[ABOUT THIS TASK]:
Return only the lines below starting at the line containing "Dior Book Tote Canvas Tote" and ending at the line containing "Radar image of Mars, 1988", both included, exactly as they are and with no pictures.

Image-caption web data
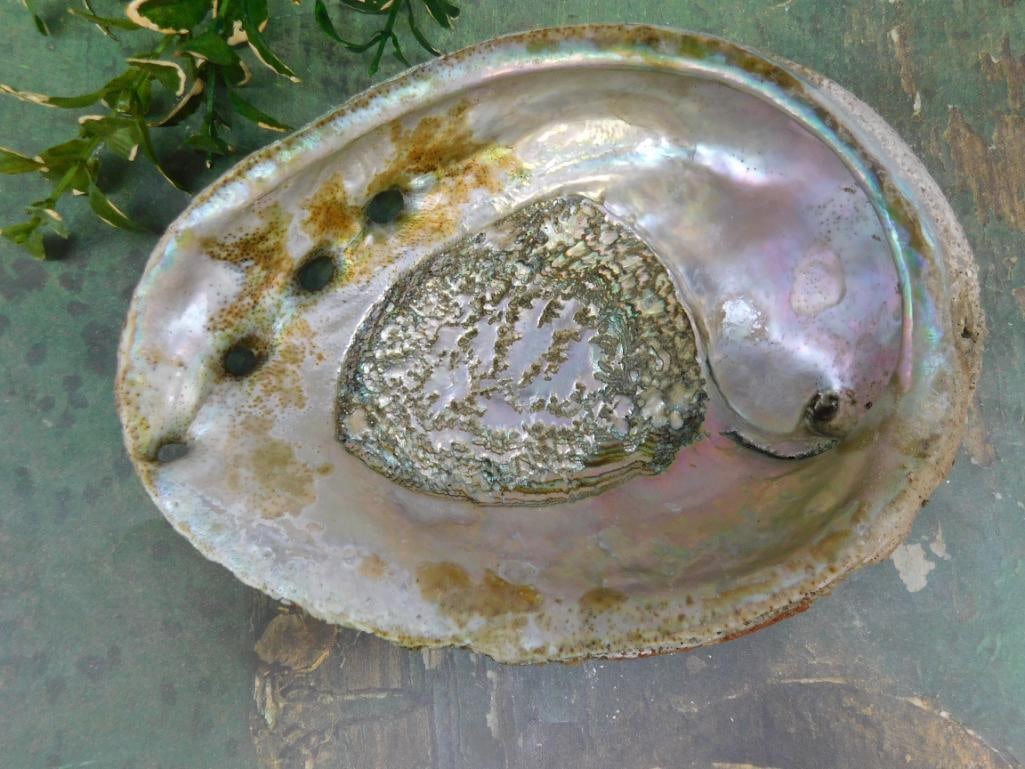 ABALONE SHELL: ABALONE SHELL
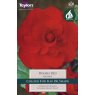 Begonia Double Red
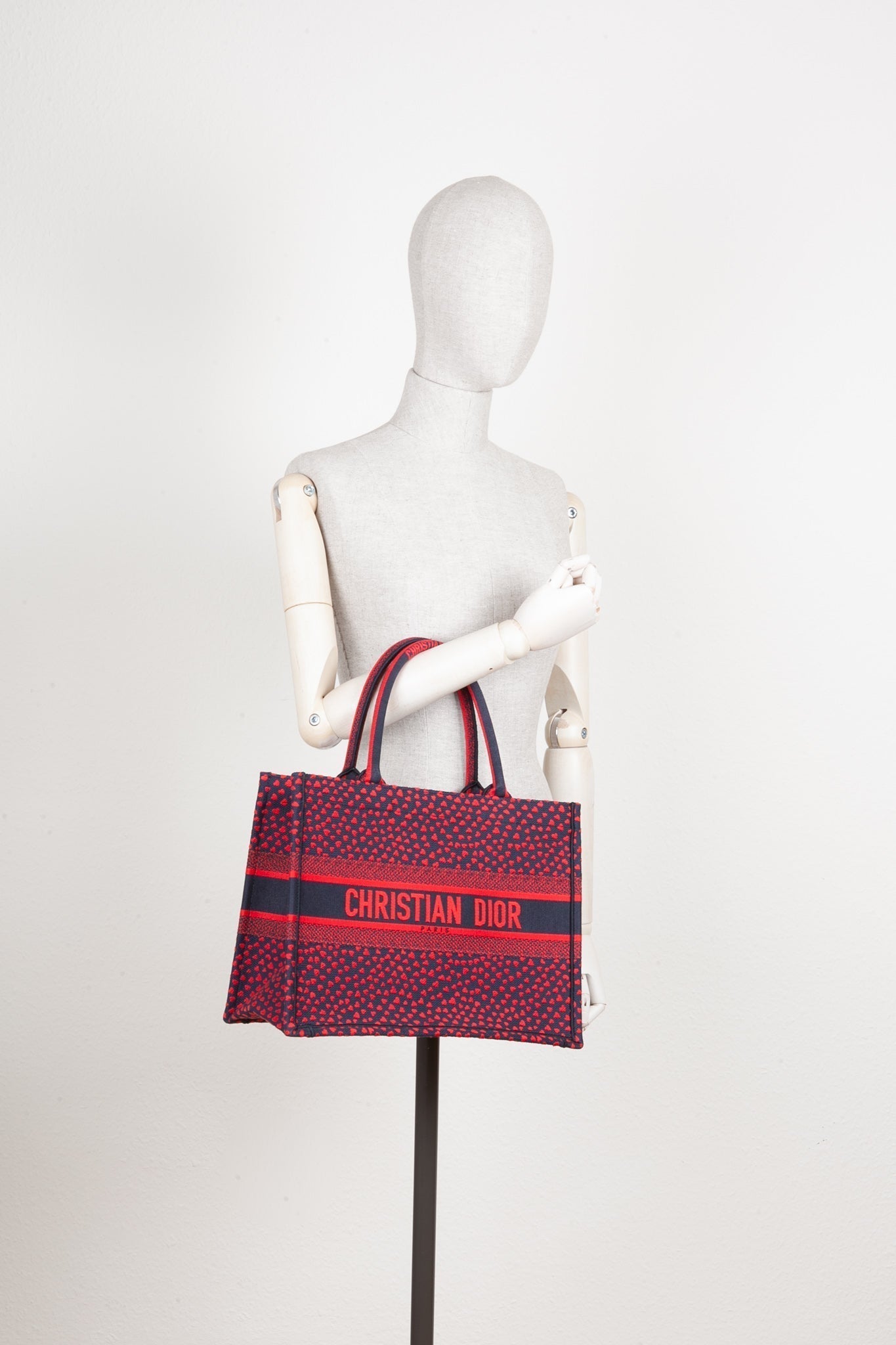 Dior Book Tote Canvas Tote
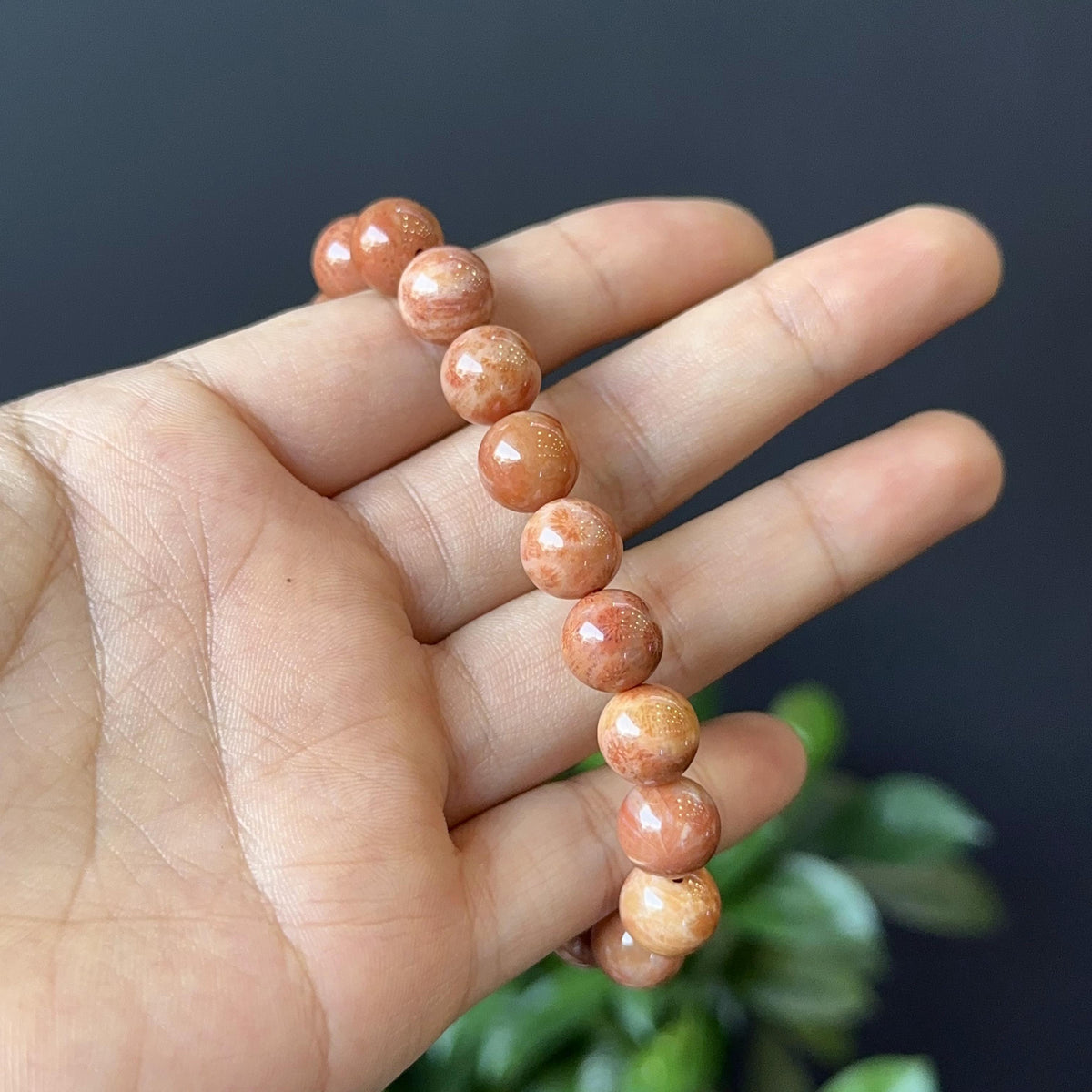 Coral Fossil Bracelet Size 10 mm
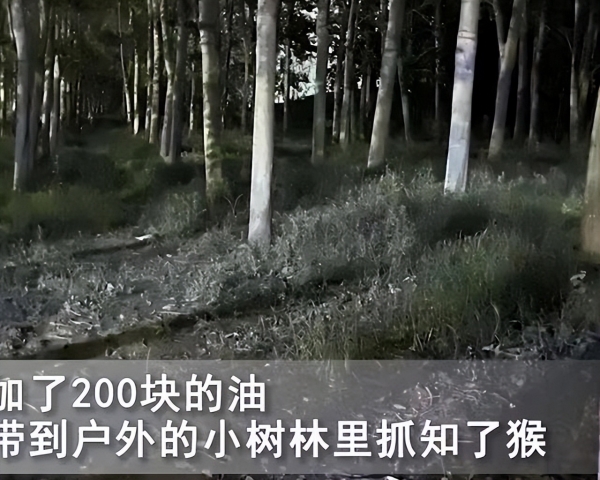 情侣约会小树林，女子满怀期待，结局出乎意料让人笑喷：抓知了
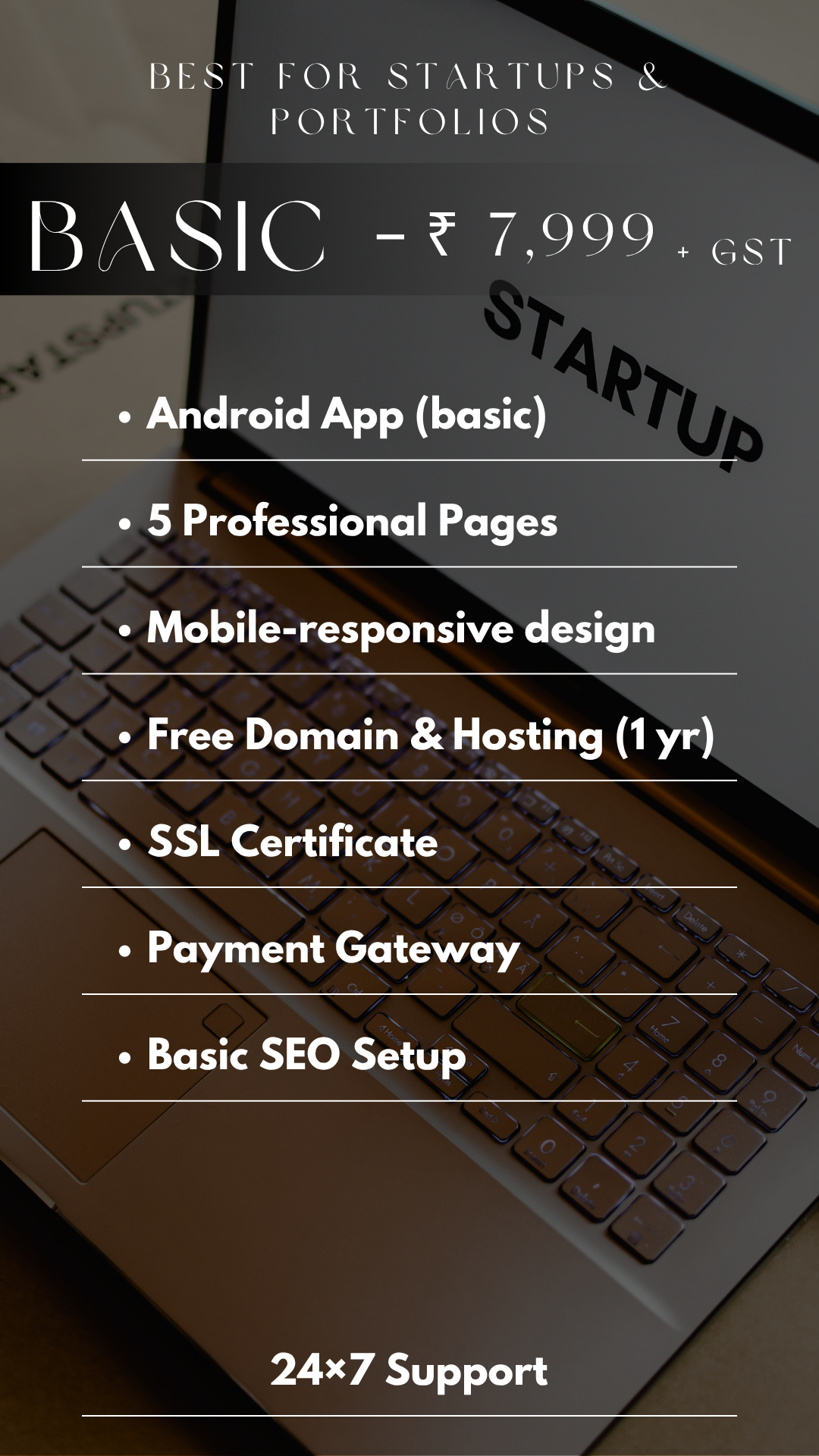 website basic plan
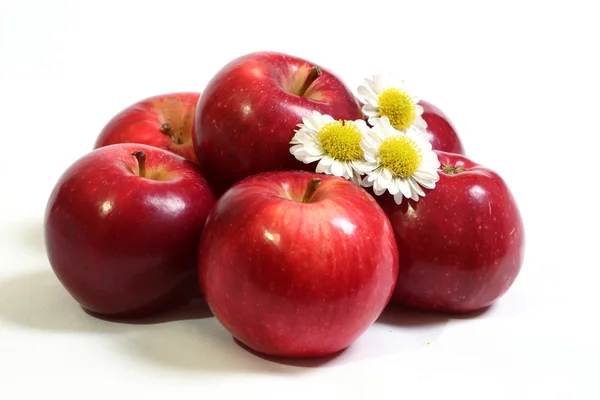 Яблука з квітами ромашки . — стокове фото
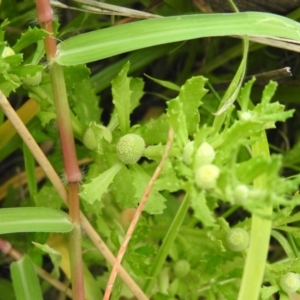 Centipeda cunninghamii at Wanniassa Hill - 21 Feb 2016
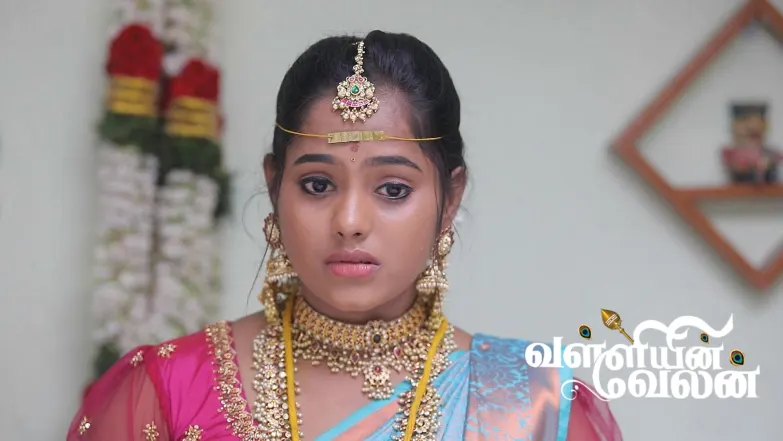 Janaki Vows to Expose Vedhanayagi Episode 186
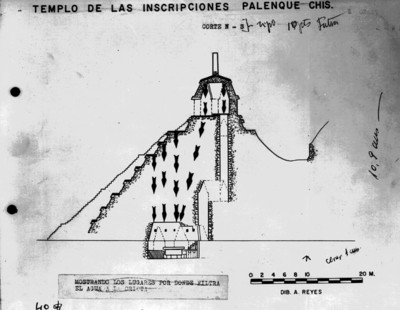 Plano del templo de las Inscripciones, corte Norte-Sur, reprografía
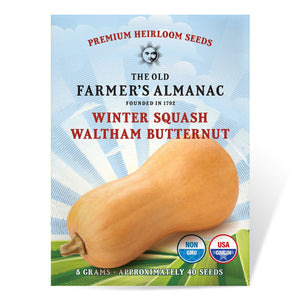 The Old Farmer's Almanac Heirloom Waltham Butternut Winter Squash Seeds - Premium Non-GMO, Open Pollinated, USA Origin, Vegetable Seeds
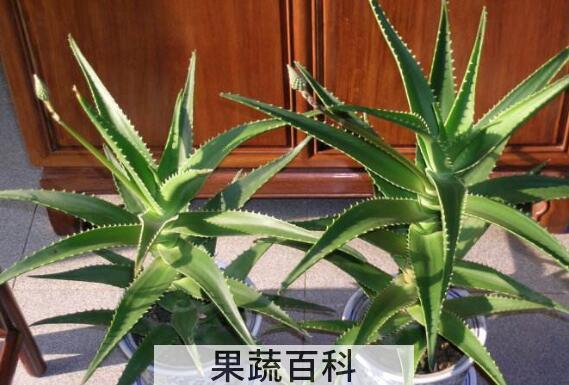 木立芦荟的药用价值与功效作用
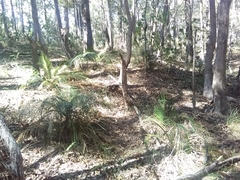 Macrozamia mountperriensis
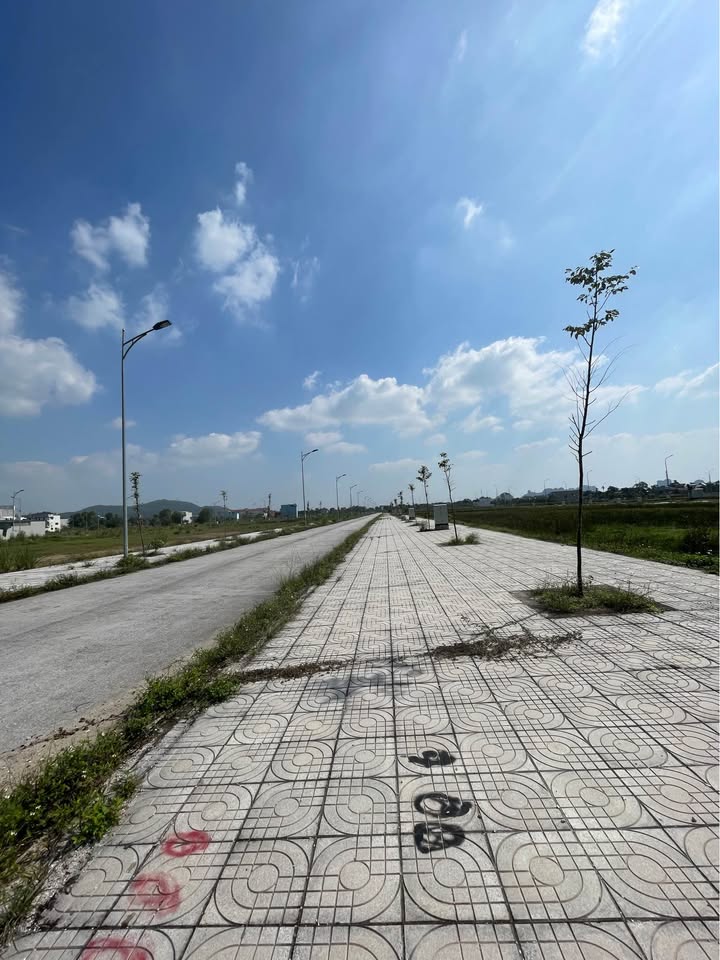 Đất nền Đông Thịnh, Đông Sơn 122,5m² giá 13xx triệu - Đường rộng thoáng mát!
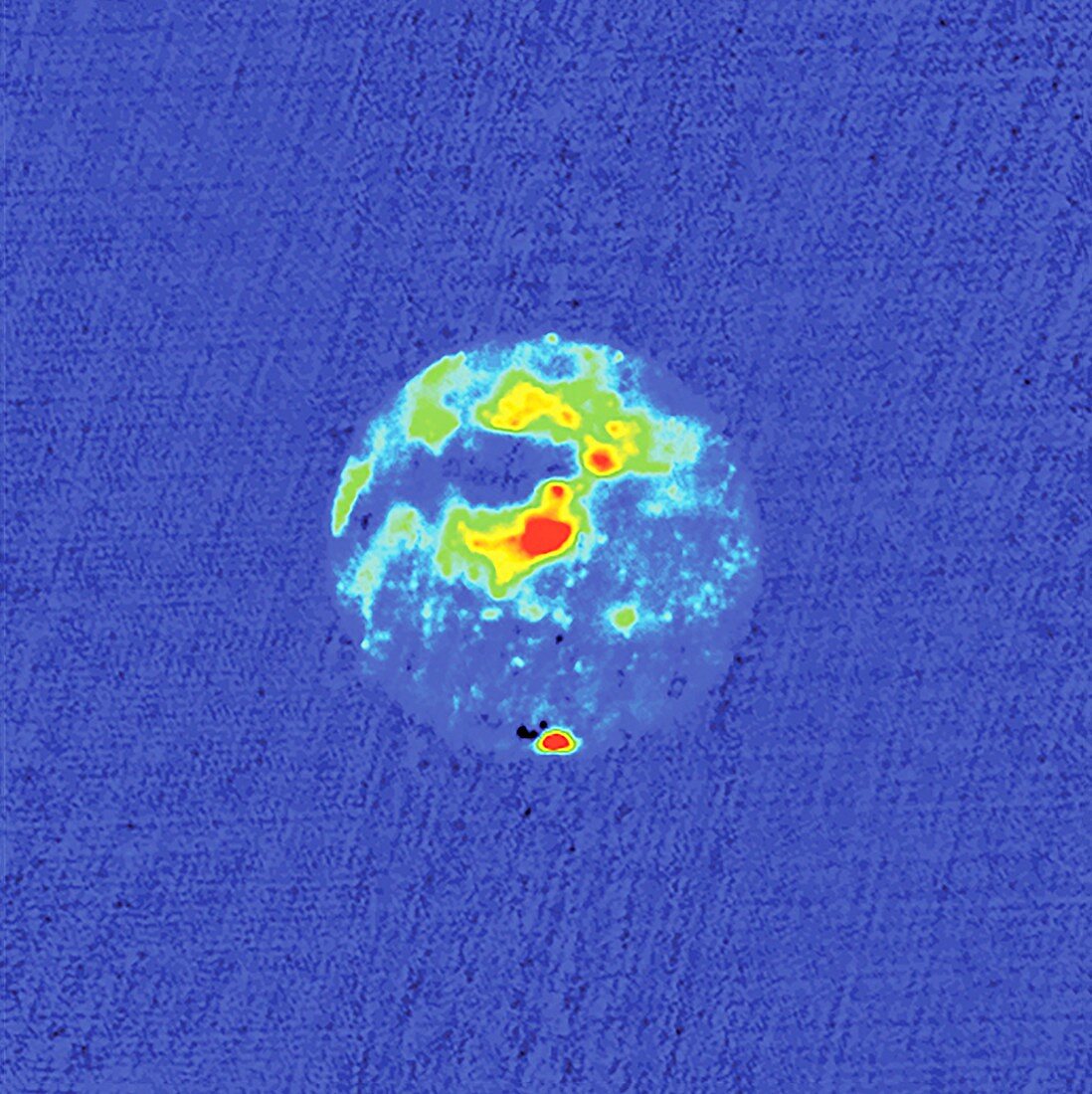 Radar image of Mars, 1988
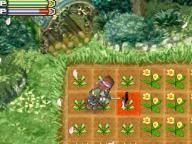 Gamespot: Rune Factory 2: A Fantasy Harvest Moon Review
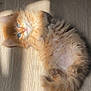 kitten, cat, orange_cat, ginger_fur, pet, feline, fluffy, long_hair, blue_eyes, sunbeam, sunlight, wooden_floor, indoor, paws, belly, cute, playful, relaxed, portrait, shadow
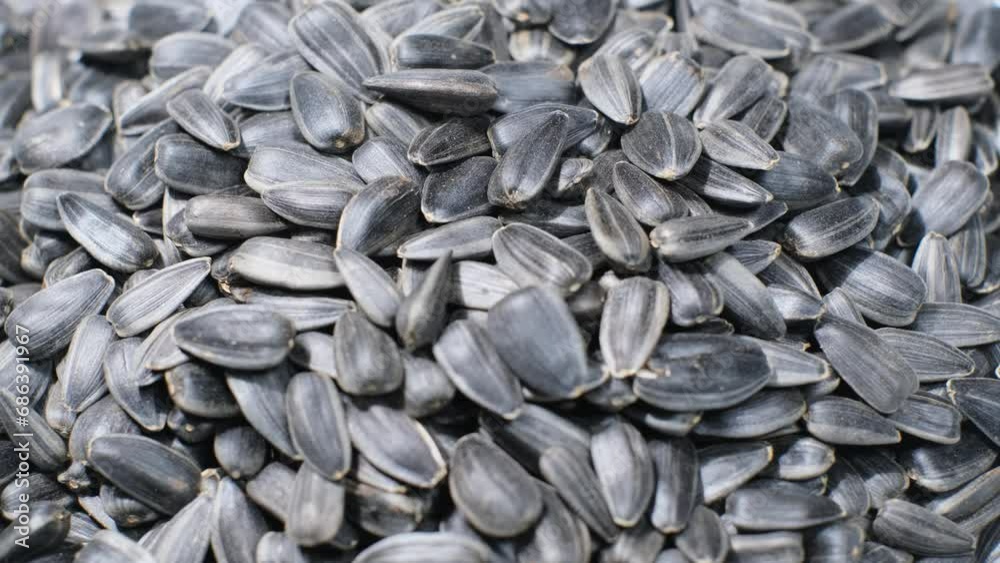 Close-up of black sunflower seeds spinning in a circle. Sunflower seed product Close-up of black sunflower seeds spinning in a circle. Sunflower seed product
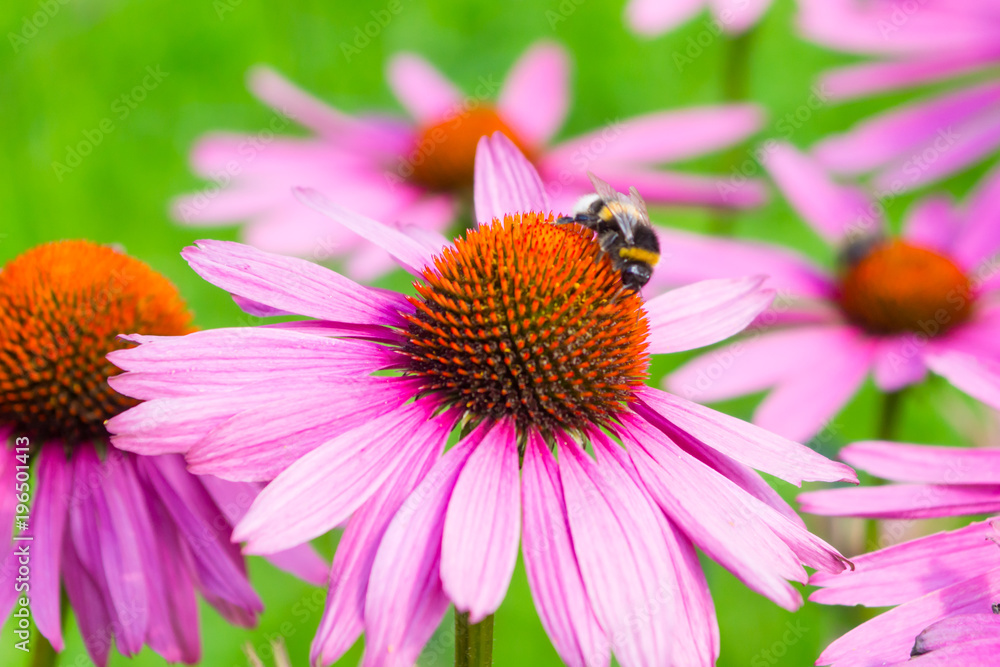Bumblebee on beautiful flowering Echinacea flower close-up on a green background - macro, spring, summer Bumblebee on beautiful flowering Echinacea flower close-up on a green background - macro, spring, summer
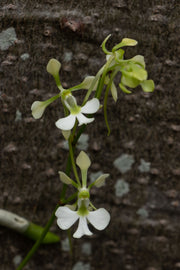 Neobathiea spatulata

[WRITTEN ANSWER]:
 Dior Book Tote Canvas Tote
 Coral Fossil Bracelet Size 10 mm
 情侣约会小树林，女子满怀期待，结局出乎意料让人笑喷：抓知了
 website basic plan
 Яблука з квітами ромашки . — стокове фото
 Centipeda cunninghamii at Wanniassa Hill - 21 Feb 2016
 Janaki Vows to Expose Vedhanayagi Episode 186
 Plano del templo de las Inscripciones, corte Norte-Sur, reprografía
 The Old Farmer's Almanac Heirloom Waltham Butternut Winter Squash Seeds - Premium Non-GMO, Open Pollinated, USA Origin, Vegetable Seeds
 木立芦荟的药用价值与功效作用
 Macrozamia mountperriensis
 Đất nền Đông Thịnh, Đông Sơn 122,5m² giá 13xx triệu - Đường rộng thoáng mát!
 Radar image of Mars, 1988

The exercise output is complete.